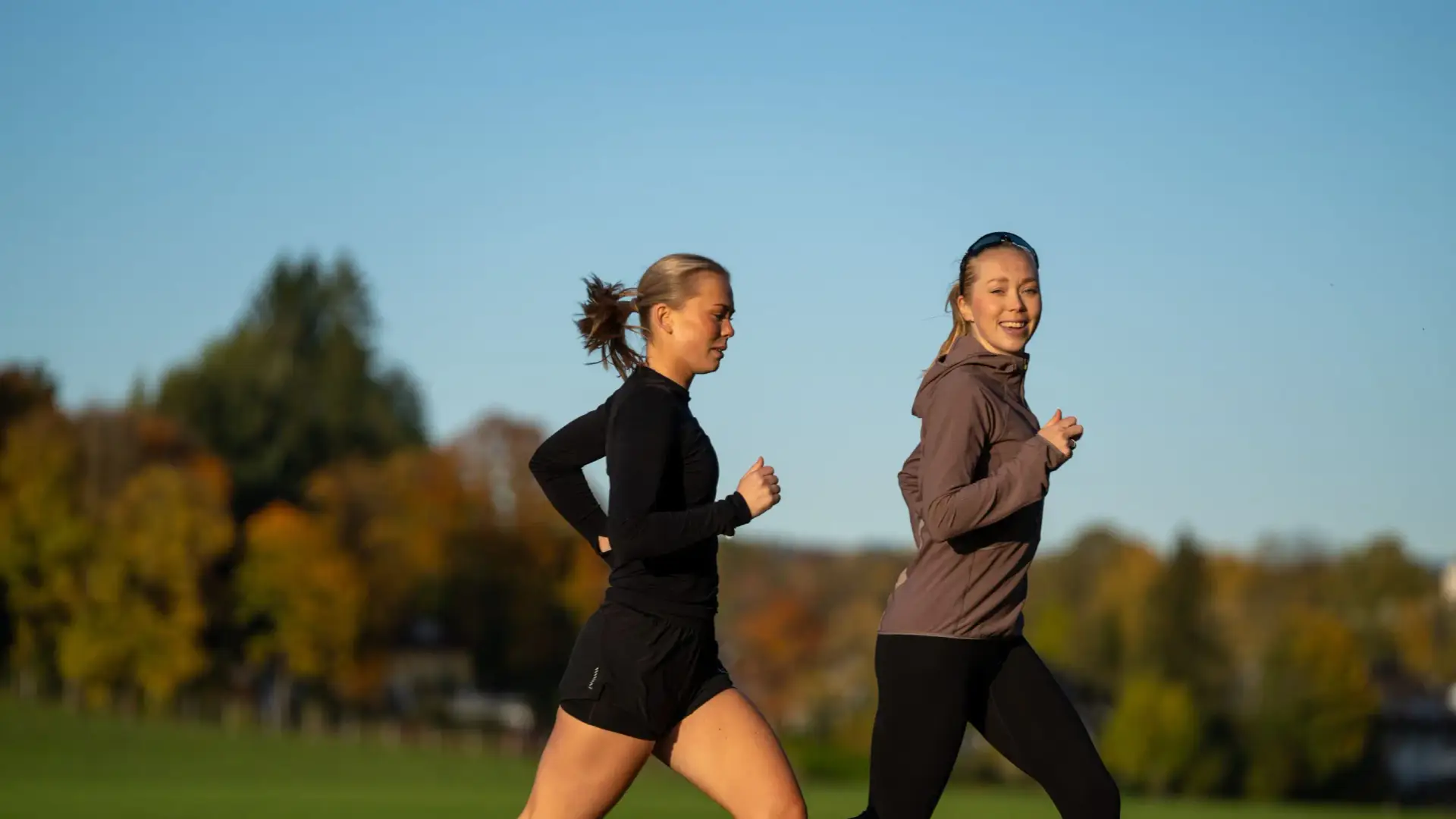 To kvinner løper sammen ute på en gressbane i sollys, omgitt av høstfarger.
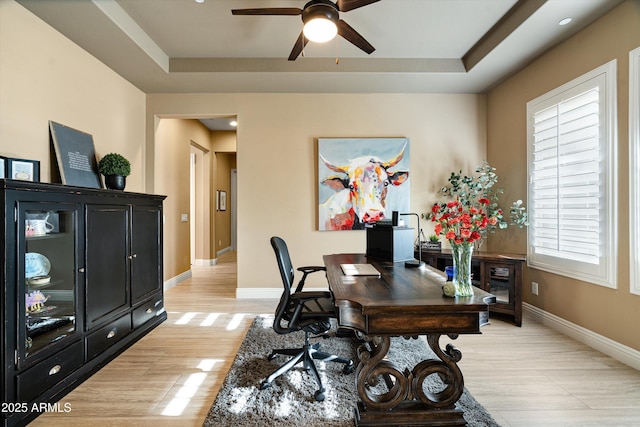 35971 N Prickley Pear Rd, Cave Creek, AZ 85331 - home office featuring a ceiling fan, light wood-type flooring, a tray ceiling, and baseboards
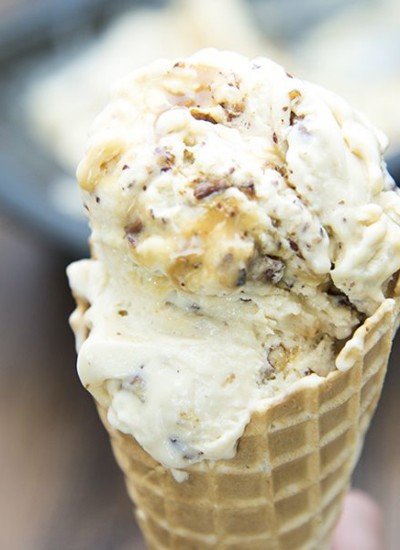 Close up view of salted caramel pecan ice cream in a cone.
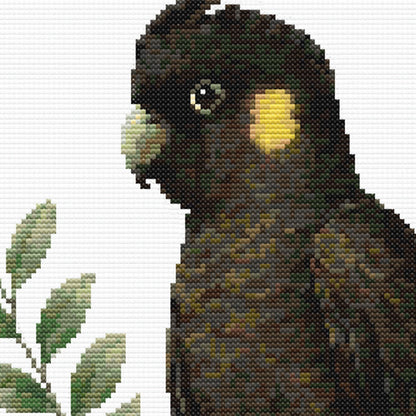 Yellow-Tailed Black Cockatoo Cross Stitch Pattern close-up highlighting the bird's distinctive dark feathers, yellow cheek patch and realistic wildlife details.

### Task instructions
From the line that contains "Close up view" down to the last line of the material above, every line must be repeated exactly, with pictures removed and both end lines included.

### Result below
 Close up view of salted caramel pecan ice cream in a cone.
 Yellow-Tailed Black Cockatoo Cross Stitch Pattern close-up highlighting the bird's distinctive dark feathers, yellow cheek patch and realistic wildlife details.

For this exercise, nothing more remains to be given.